▶ [What is needed]:
The records below must be output exactly, with no images carried over.

*** Records provided Section Begins ***

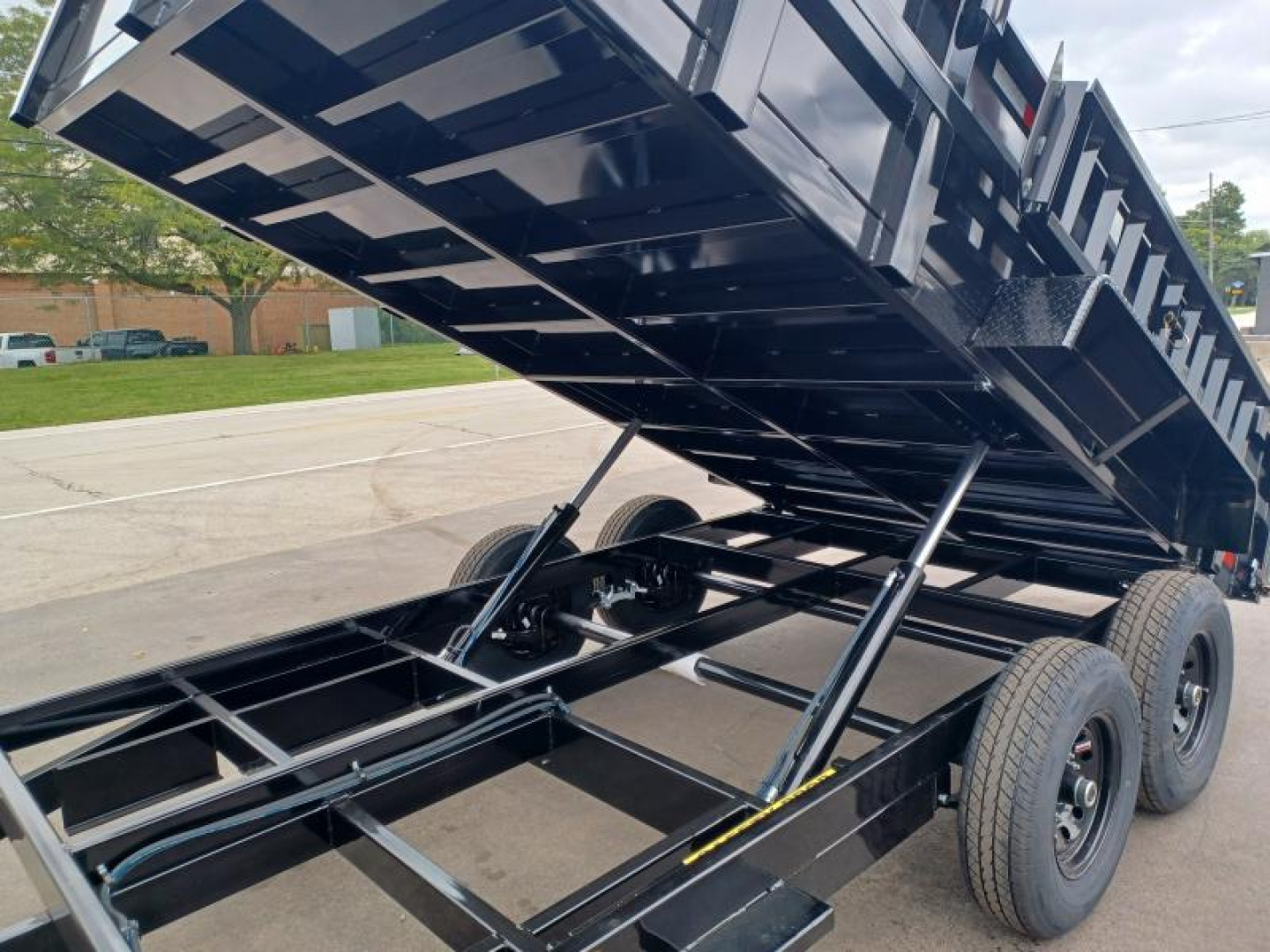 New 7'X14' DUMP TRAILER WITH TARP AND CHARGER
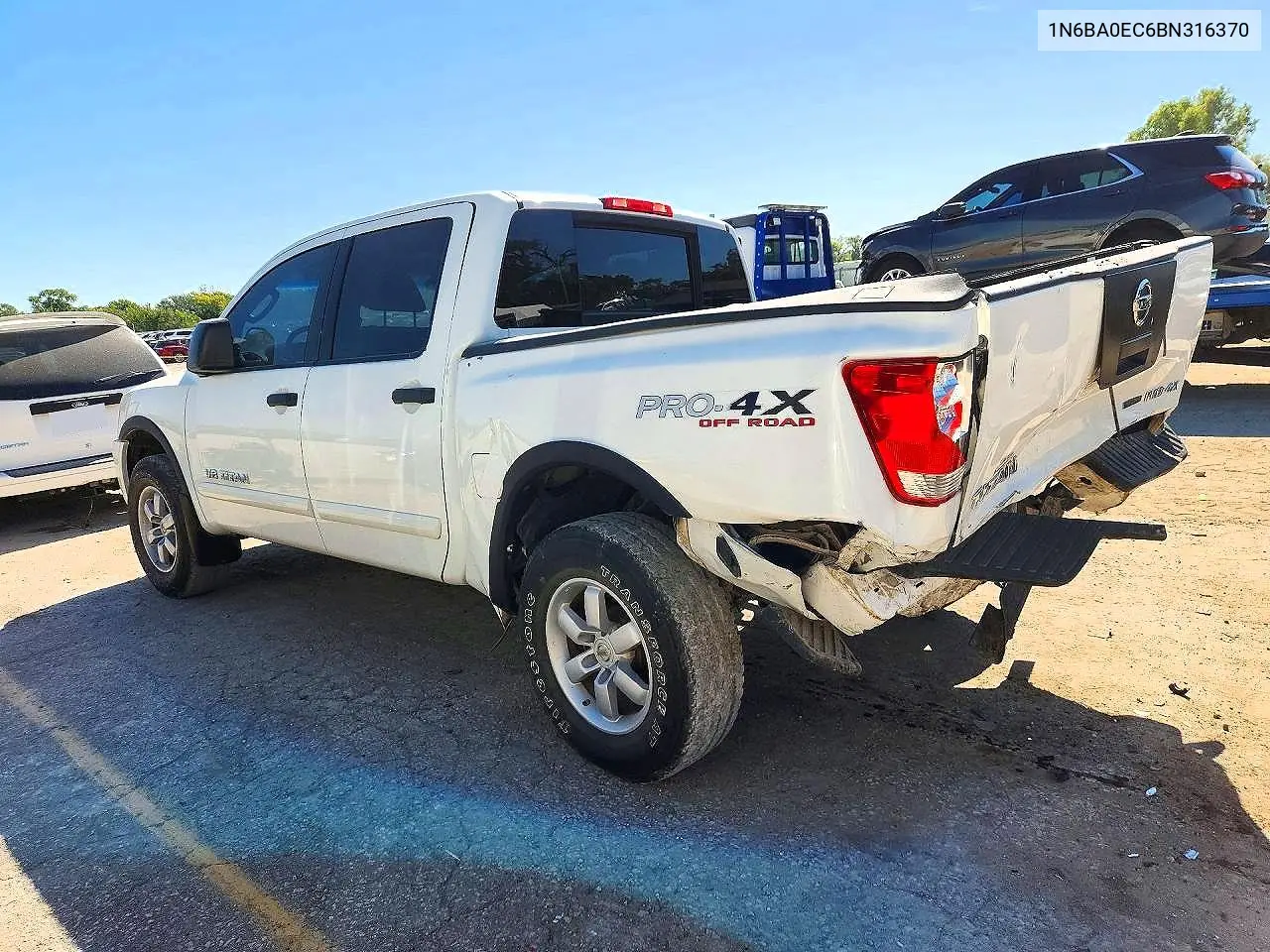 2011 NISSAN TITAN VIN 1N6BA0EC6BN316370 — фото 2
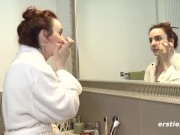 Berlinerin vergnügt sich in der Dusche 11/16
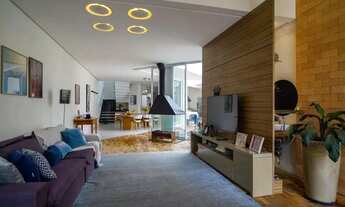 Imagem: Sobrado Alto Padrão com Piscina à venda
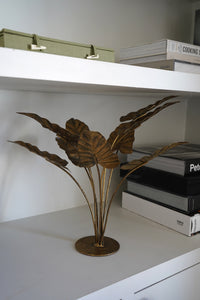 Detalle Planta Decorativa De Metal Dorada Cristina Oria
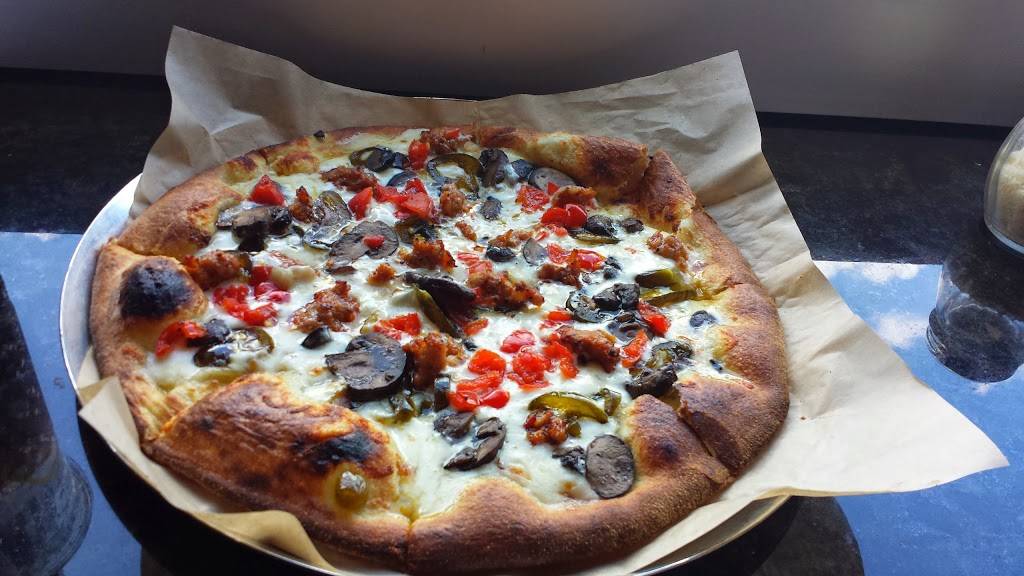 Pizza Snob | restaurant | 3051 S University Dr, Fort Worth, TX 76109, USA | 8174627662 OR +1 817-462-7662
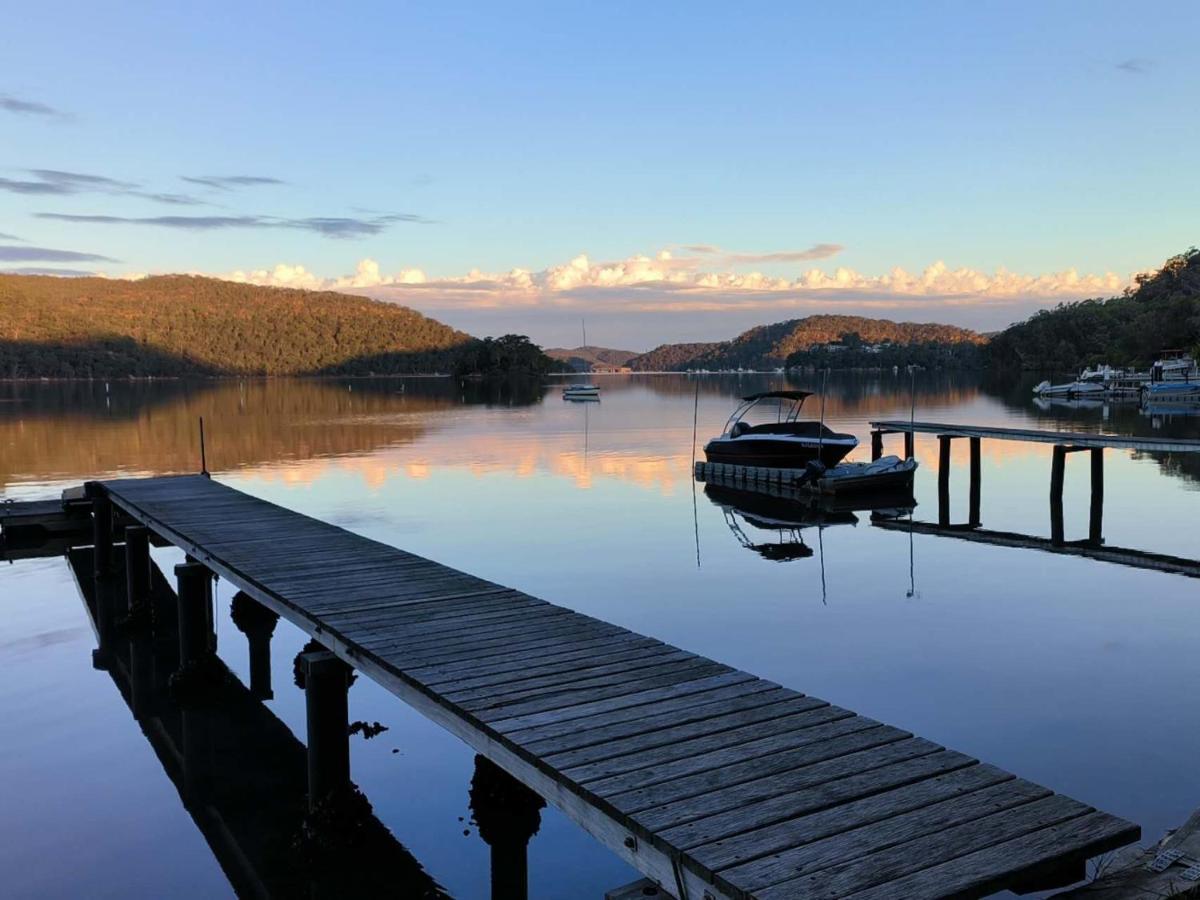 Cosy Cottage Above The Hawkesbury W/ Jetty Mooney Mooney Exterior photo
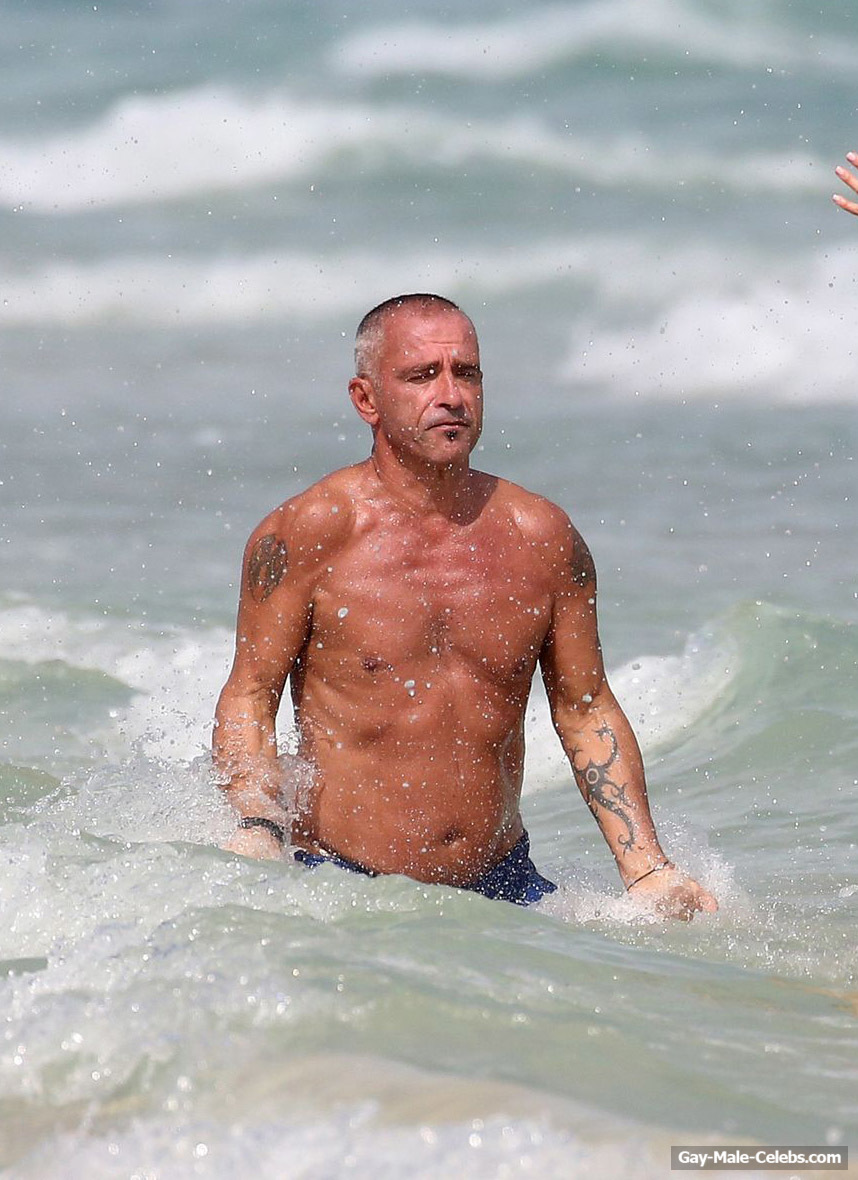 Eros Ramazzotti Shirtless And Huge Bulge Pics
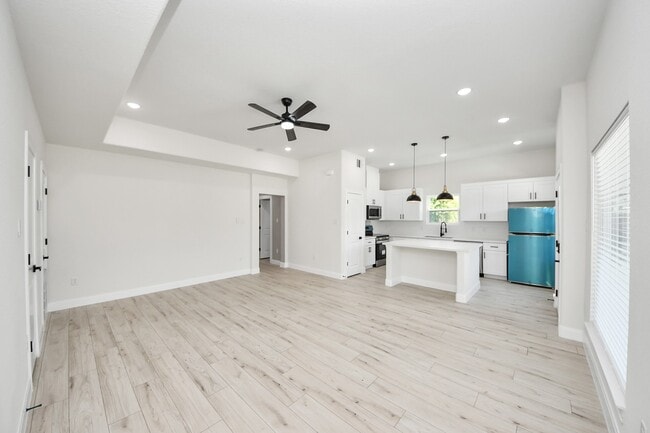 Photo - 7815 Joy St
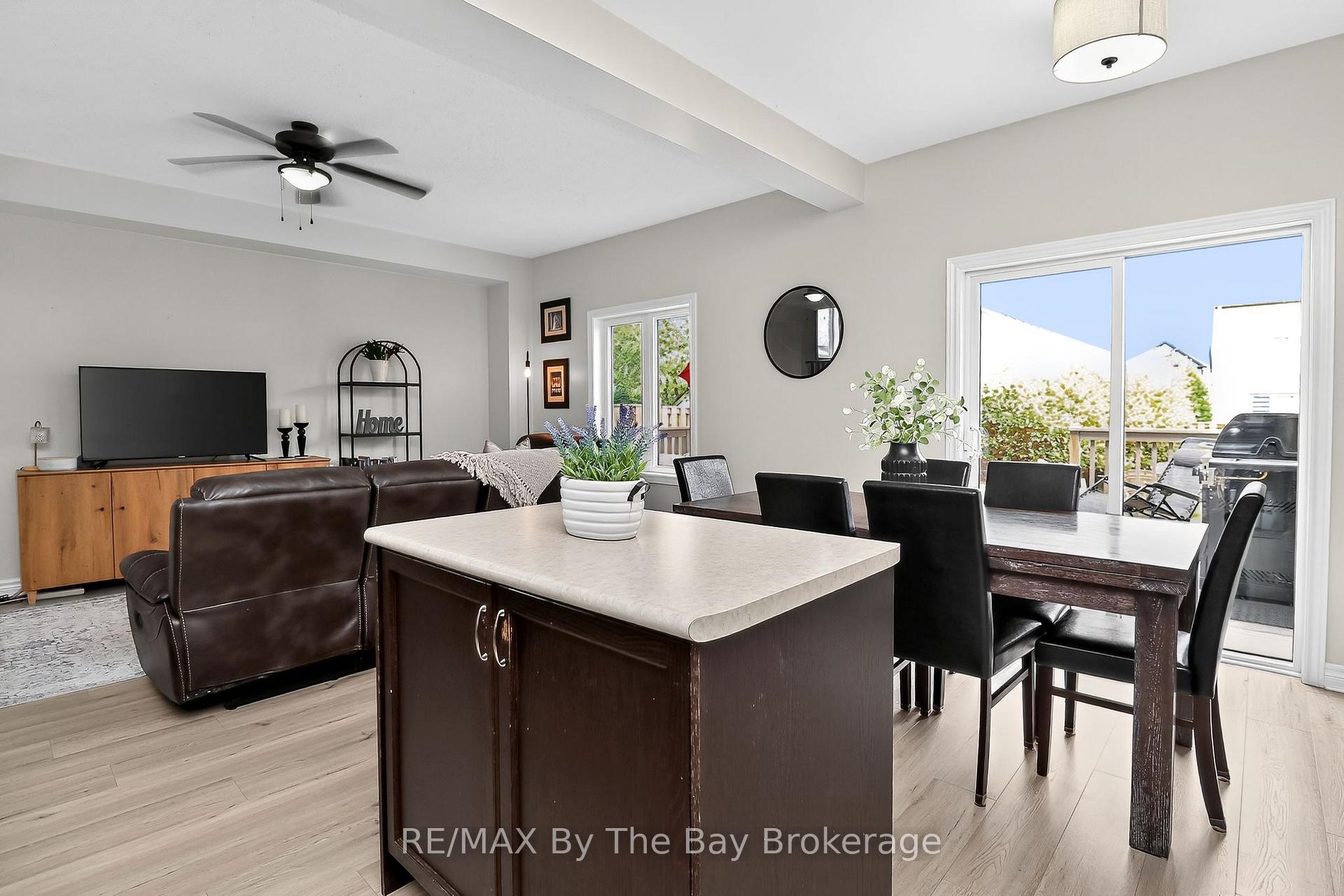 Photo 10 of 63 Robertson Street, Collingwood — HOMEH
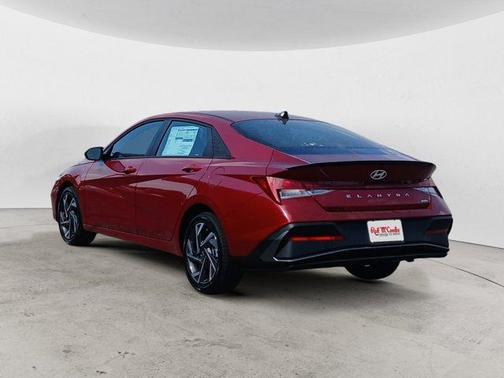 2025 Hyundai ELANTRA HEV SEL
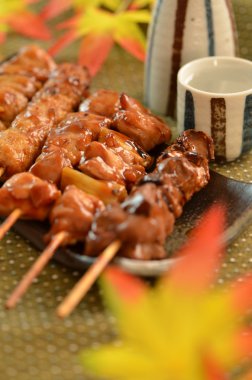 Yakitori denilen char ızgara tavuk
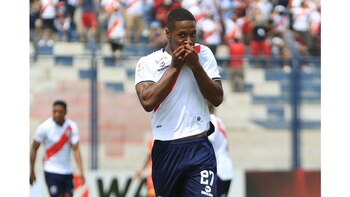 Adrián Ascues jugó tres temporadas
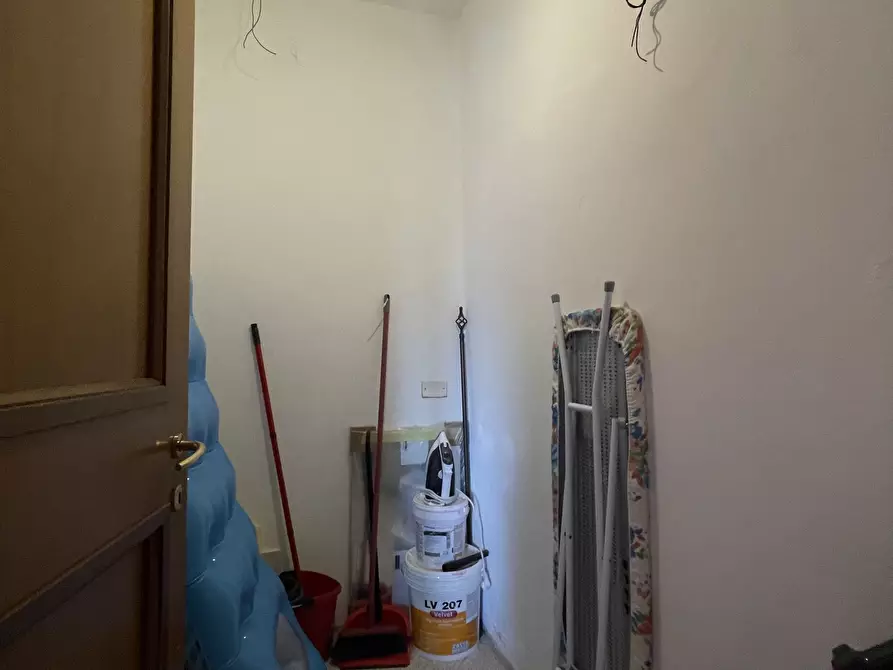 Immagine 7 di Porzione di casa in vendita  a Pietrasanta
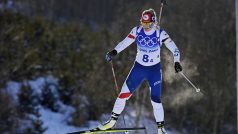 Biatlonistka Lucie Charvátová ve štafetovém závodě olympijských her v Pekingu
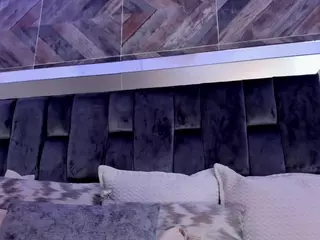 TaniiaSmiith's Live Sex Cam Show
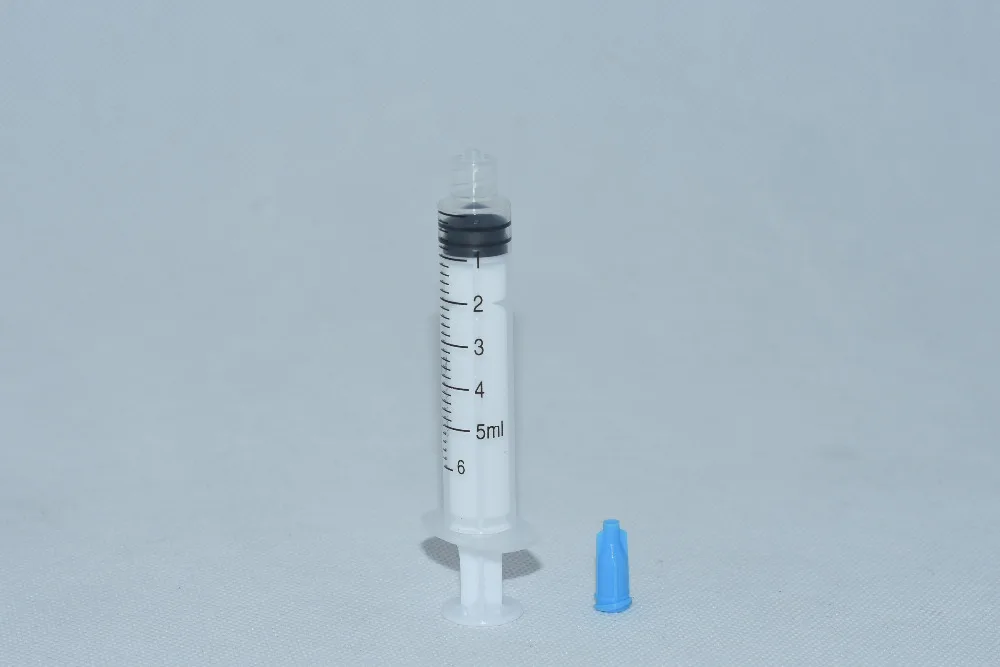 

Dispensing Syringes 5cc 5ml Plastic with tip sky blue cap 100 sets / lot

*** Records provided Section Ends ***

▶ [Result of the task]:
 New 7'X14' DUMP TRAILER WITH TARP AND CHARGER
 2011 NISSAN TITAN VIN 1N6BA0EC6BN316370 — фото 2
 Berlinerin vergnügt sich in der Dusche 11/16
 Imagem: Sobrado Alto Padrão com Piscina à venda
 Detalle Planta Decorativa De Metal Dorada Cristina Oria
 Pizza Snob | restaurant | 3051 S University Dr, Fort Worth, TX 76109, USA | 8174627662 OR +1 817-462-7662
 Cosy Cottage Above The Hawkesbury W/ Jetty Mooney Mooney Exterior photo
 Eros Ramazzotti Shirtless And Huge Bulge Pics
 Photo - 7815 Joy St
 Photo 10 of 63 Robertson Street, Collingwood — HOMEH
 2025 Hyundai ELANTRA HEV SEL
 Yakitori denilen char ızgara tavuk
 Adrián Ascues jugó tres temporadas
 Immagine 7 di Porzione di casa in vendita  a Pietrasanta
 Biatlonistka Lucie Charvátová ve štafetovém závodě olympijských her v Pekingu
 TaniiaSmiith's Live Sex Cam Show

Dispensing Syringes 5cc 5ml Plastic with tip sky blue cap 100 sets / lot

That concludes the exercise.